Wilson finished the Long Beach Marathon last month in 4:28:36 to complete is first marathon. Wilson, along with his veteran partner Laurent Vrignaud, of Newport Coast, Calif., are part of the Saucony 26 Strong project, a collaboration between Competitor and Saucony that pairs a veteran runner with a first-timer to train for a fall marathon.
“My first marathon experience was great!” says Wilson. “The Long Beach Marathon was well organized and I enjoyed the course, especially racing near the ocean. I also recruited my family to coordinate a special aid station for me at mile 20 which got them involved in the experience. I would describe my overall experience as special and something I will never forget. I feel finishing the marathon is a significant accomplishment in my life that has humbled me; yet has made me stronger.”
“David’s a tough cookie and ran an impressive sub 4.30 for his first marathon,” Vrignaud said. “He always respected the training and the distance.”
The Toughest part of the race for Wilson came on the hilly section of the course around mile 17. “I ran through it but I could tell the hills took a little starch out of my legs, and I felt I lost a little momentum there,” he said. “Miles 21 – 23 were difficult because my legs felt sore and heavy, I never felt leg weariness to that extent before, but again you just have to tell yourself to keep moving forward.”
The most surprising part of his first marathon?

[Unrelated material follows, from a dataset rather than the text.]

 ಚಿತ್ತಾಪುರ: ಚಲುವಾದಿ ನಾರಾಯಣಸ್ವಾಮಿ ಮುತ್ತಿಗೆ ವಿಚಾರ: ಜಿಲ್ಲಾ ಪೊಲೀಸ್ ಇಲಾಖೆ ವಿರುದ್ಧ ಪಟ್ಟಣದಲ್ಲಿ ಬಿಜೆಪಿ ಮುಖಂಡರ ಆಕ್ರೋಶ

“The exhilaration you feel seeing the finishing line ahead of you and crossing the finish line,” he said. “It was very powerful and emotional. I was surprised how emotional I got immediately following the race. I was pumped-up one minute and tearing-up the next. The other surprising thing about the marathon was how you are able to push your body forward through the trauma of the final miles, especially your legs. The human body is amazing and resilient.”
Wilson credits his mentor in helping him stay on track with his training.
“Laurent kept me from making major mistakes by monitoring my training and mentoring me,” he says. “He hooked-me up with Run Your Potential, and I trained two days a week with them. Tempo runs on Thursdays and long runs on Saturdays. It’s a great group of people who encouraged me. I asked a lot of questions and they gave me great advice.
“The only thing about the training I would do a little different is to start my taper a little earlier to see if I could get to the starting line with a little fresher legs,” he said. “I started my taper two weeks out. During the race I felt I did as good as I could for the first one, however, I felt I ran a little cautious and careful since I did not know what to expect in the later miles. I was also nursing a sore left tendon. I think I could have run a little more assertively—something to try out for the next one.”
Congratulations David. And glad to hear you’re already talking about the next one.